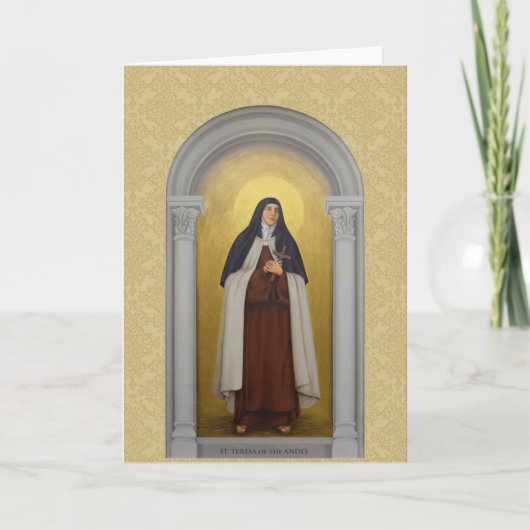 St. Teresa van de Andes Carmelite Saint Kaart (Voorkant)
******
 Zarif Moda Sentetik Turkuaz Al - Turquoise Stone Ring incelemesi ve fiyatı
******
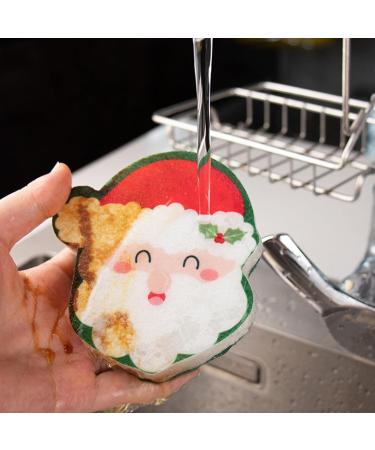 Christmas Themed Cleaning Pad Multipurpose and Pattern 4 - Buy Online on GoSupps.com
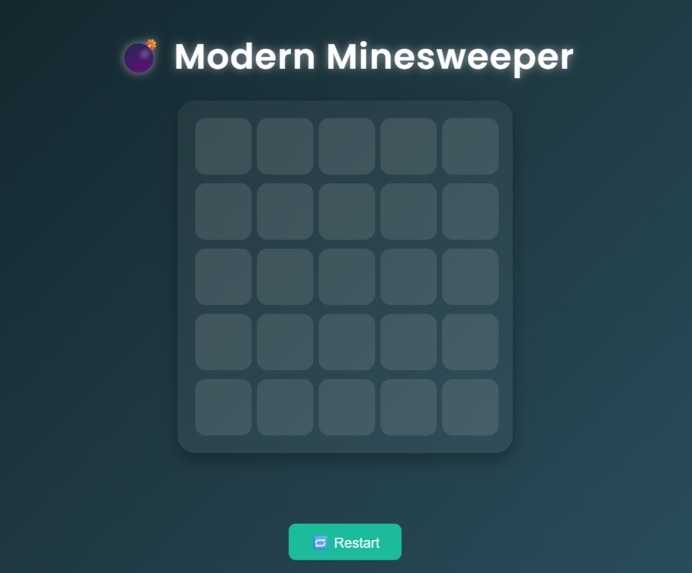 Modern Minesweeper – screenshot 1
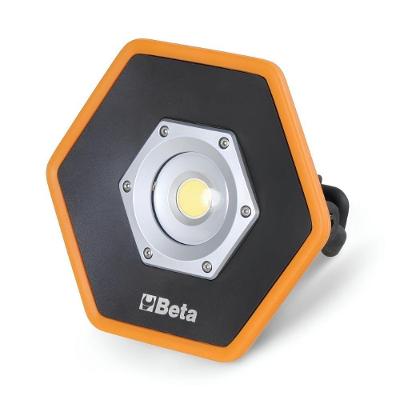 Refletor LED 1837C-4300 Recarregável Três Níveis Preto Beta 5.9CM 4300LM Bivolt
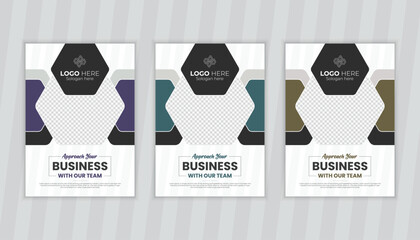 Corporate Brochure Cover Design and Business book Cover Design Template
******
§ **Task**: From the line containing "Modern Minesweeper – screenshot 1" through the line containing "Corporate Brochure Cover", copy every line above exactly, without pictures.

§ **Response to the exercise**:
 Modern Minesweeper – screenshot 1
 Refletor LED 1837C-4300 Recarregável Três Níveis Preto Beta 5.9CM 4300LM Bivolt
 Corporate Brochure Cover Design and Business book Cover Design Template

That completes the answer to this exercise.